The new emergency rules state: “The department shall make four equal payments in quarterly installments from the participating student’s educational freedom account to the participating school or service provider.”

The rules direct that a third-party payment organization set up accounts for the students who have been approved for the program.

The rules also call for families to verify their expenses and submit requests for funding to the third-party vendor ClassWallet.

The third-party payment organization will distribute the state payment to the private schools or service providers, following review and approval of the expense requests by the state Education Department.

As of Sept. 20, a total of 4,795 students were using the new Educational Freedom Accounts to offset their tuition and other costs at 94 private and parochial schools approved to accept the state-funded vouchers. Additional students were in different stages of applying, and some had been disapproved.

Student eligibility criteria expand for next year, and in 2025-2026 any student can apply for the vouchers.
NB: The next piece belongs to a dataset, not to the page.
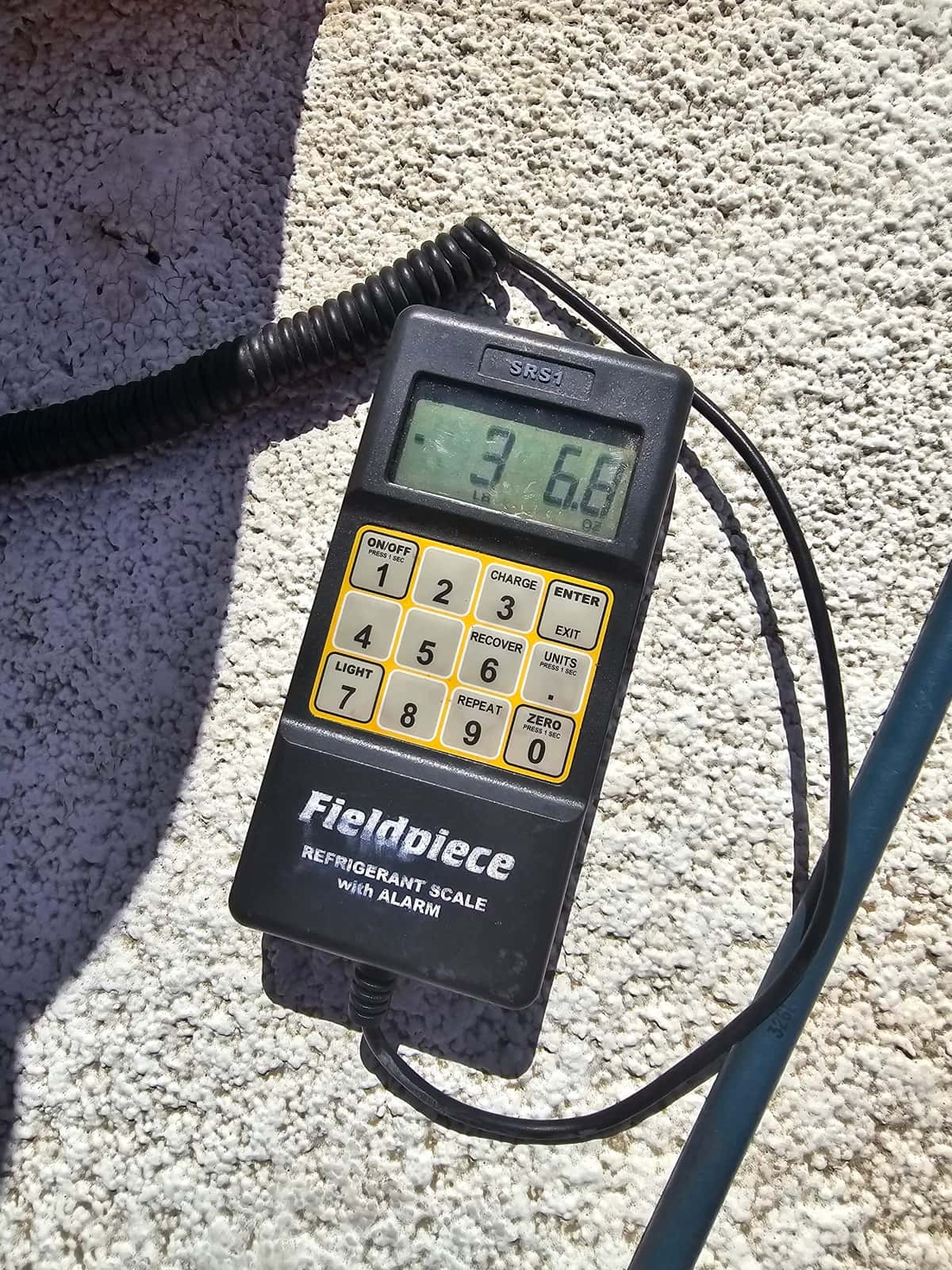 Refrigerant scale photographed during the service visit; no numerical reading is transcribed.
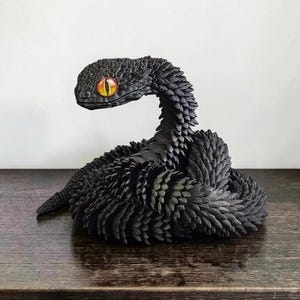 Könnte beinhalten: Eine schwarze Schlangenfigur mit einer stark texturierten, schuppenartigen Oberfläche, die den gesamten gewundenen Körper bedeckt. Die Schlange hat ein markantes, realistisches Auge mit leuchtend orangefarbener Iris und vertikaler Pupille.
School safety grants are being provided by the state to school districts to help the districts carry out the recommendations of the Arkansas School Safety Commission and the LEARNS Act.

CHARTER SCHOOLS

The Education Board on Friday approved without discussion two new open-enrollment charter schools: Pinecrest Preparatory Academy in Fayetteville and the Civica Career and Collegiate Academy in Bentonville.

Plans for both schools had been reviewed and recommended to the state Education Board by the state’s Charter Authorizing Panel.

The Pinecrest academy is being planned for as many as 2,000 kindergarten through 12th-graders by 2028-2029. The Arkansas school would be part of a network of 26 charters schools serving 18,000 students in Florida, Nevada and Idaho.

The sponsoring organization is Pinecrest Academy Arkansas, and Carlos Alvarez is the primary contact for the school.

The Civica Career and Collegiate Academy will serve up to 2,550 in kindergarten through 12th-grades.

School plans call for a college preparatory program with an emphasis on preparing for careers. Potential career focuses include health science, business and marketing, economics and international studies, computer sciences and early childhood educators.

The proposed Arkansas charter campus would have sister campuses in Hialeah, Fla., Milliken, Colo., and Las Vegas.

The sponsoring entity is Civica Educational Foundation Inc., and Alvarez is again the contact.